How Orbee Routes Traffic to Services

Matt Craven
Orbee Auto
Published in
3 min readJan 28, 2019

Orbee is in the process of transforming our technology stack to match growing business needs. We are at a point in our growth that the flexibility and ease of development afforded by a microservices architecture is essential to our continued progress. As we enter this new paradigm, we need to address the challenges our infrastructure faces due to the growing complexity of our business model.

To accommodate these growing demands, we are implementing a solution reasonable in scope to support our communication infrastructure. After much iteration and deliberation, the solution we chose allows us to satisfy both current and future concerns as we mature into a complete microservices architecture. This post is an overview of how we have achieved our current level of service communication, both internally between services as well as externally to UIs and clients.

Communication Across the Spectrum

The intersection of current Orbee products and Orbee’s evolving infrastructure requires multiple different communication use cases in order to achieve our goals. This manifests in three principal avenues of communication for our services: public, authenticated, and private. Existing within AWS, many services need to expose some portion of their functionality publicly in order to function in an automated fashion. Requests to public aspects of Orbee services are routed through an AWS application load balancer which resolves the request to a target based on the path of the request. We use a pattern which corresponds the first part of the path to the service’s name in order to ensure there are no overlapping routing rules.
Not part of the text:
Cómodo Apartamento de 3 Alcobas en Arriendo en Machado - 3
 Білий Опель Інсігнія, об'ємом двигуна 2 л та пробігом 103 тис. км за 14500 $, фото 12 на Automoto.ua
We also provide routes for requests that need to be authenticated using credentials, tokens, or API keys. This is achieved by a different application load balancer which forwards requests to an API gateway, implemented using Kong. The API gateway first applies authentication checks before continuing, returning a 401 or 403 response if authentication fails. It then routes the request to a service using ECS’s SRV Service Discovery method. The request keeps its original Host header so that the service can route requests from both public and authenticated domains within the same framework. An additional benefit of this approach is in the centralized authentication of requests, simplifying validations that services need to perform and enabling rapid modifications to our authentication and authorization scheme independent of individual services. In future developments, we hope to bring authentication and authorization to the service level and use the API gateway as a means to do global authentication against an identity provider.

Request Routing Flow

Communication Between Services

So far we’ve covered how we have achieved the routing of external requests, but not the capability for service to service communication. To further accommodate the rapid development of services, providing a channel for services to communicate to each other without the complications of existing methods is essential. We decided to use a private application load balancer, which only accepts requests within the subnet’s internal network. Requests are sent to an API gateway, which leverages the same SRV record scheme to route requests to services. This allows us a relatively secure manner of communication between services that are easily managed by services themselves. Future developments should include additional security barriers, including authentication and authorization between services that communicate with each other.

This service communication architecture is a major step we are taking to make our development faster and simpler as we move to a microservices-based architecture. We’re planning to support additional authentication and authorization schemes at the service level to improve security in our next iteration. This will solidify the current communication concepts around public, private, and authenticated communication as an authorization level throughout all APIs and services.

We hope that this post illustrates part of the process we took to migrate to microservices, and how there can, and should, be steps from one architecture to the next.